= Beginning of Section =

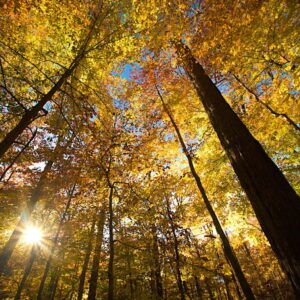 18 Reserves Forest Carbon Project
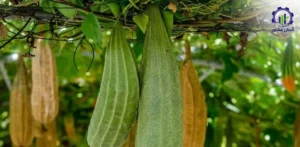 بررسی بازار داخلی و خارجی گیاه لوفا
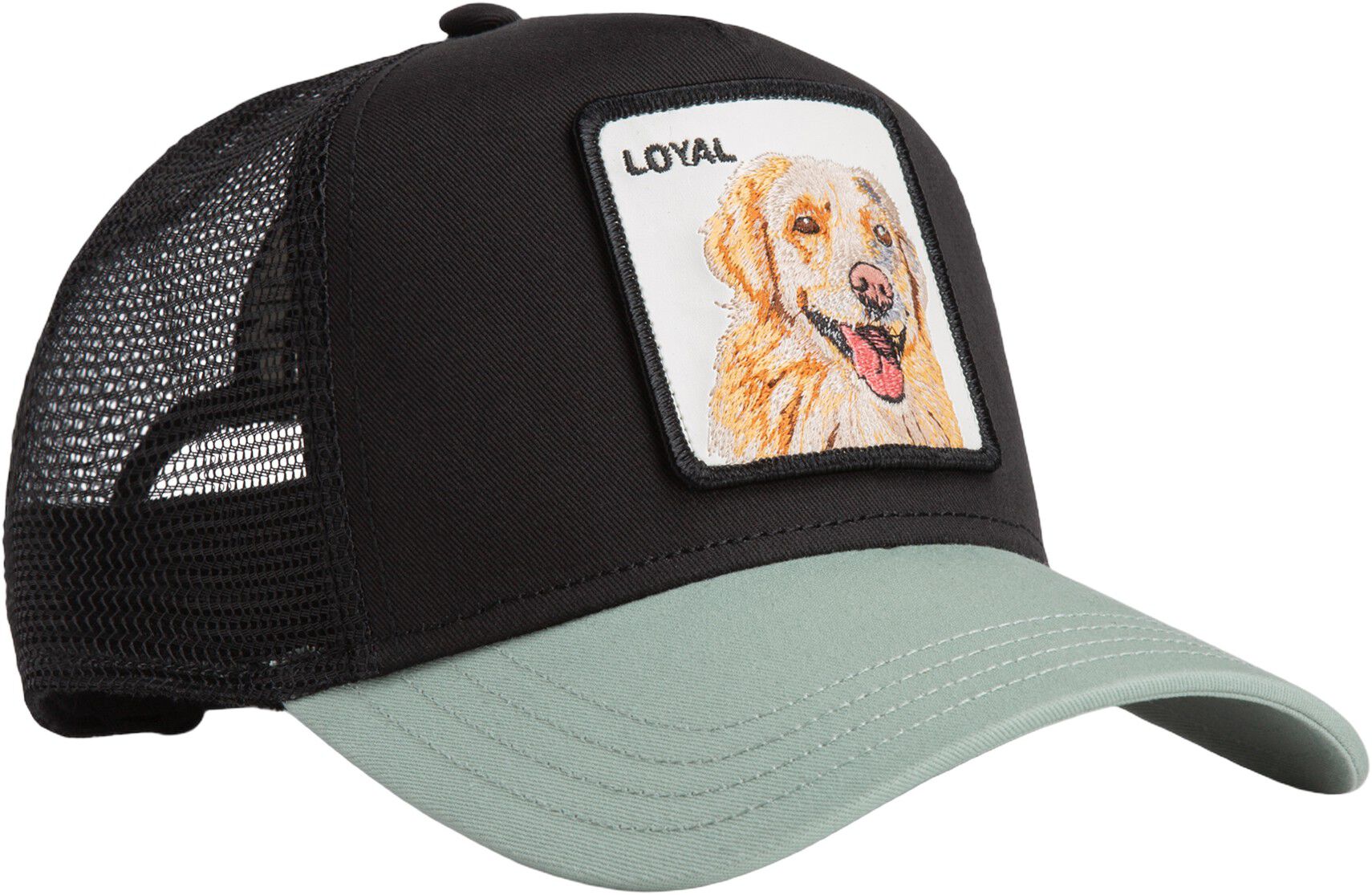 The Loyal dog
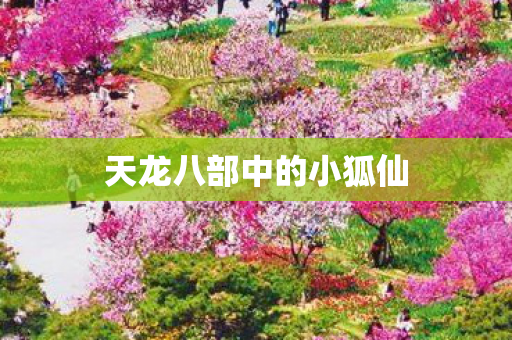 天龙八部中的小狐仙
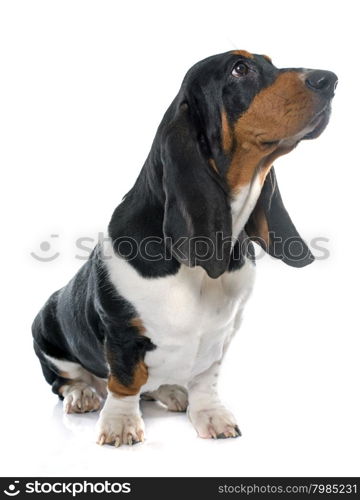 Basset Hound in front of white background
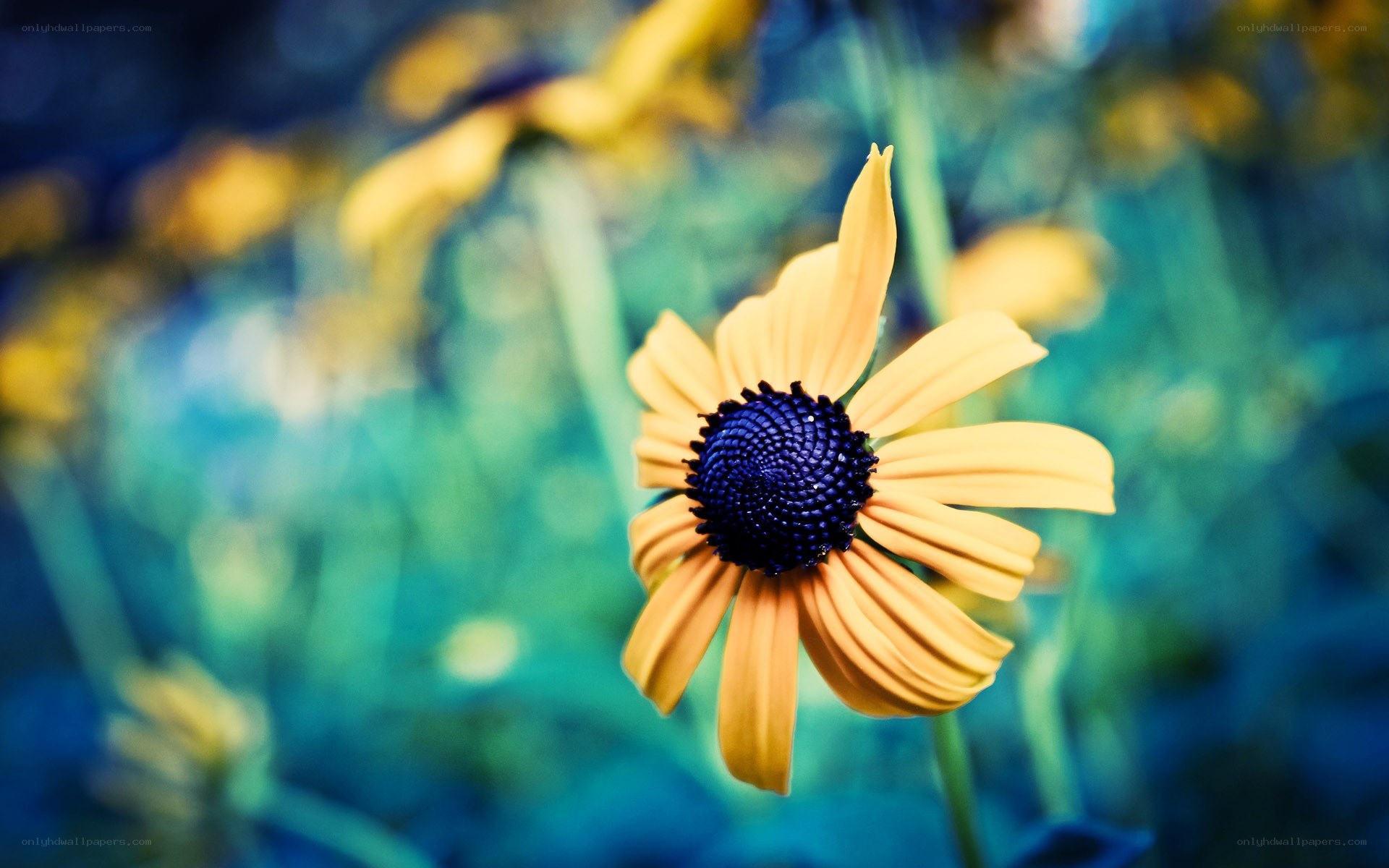 yellow flower with blue center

= End of Section =

Exercise prompt
Only the text of the records above is to be reproduced, exactly as given; the pictures are dropped.

Exercise answer
 18 Reserves Forest Carbon Project
 بررسی بازار داخلی و خارجی گیاه لوفا
 The Loyal dog
 天龙八部中的小狐仙
 Basset Hound in front of white background
 yellow flower with blue center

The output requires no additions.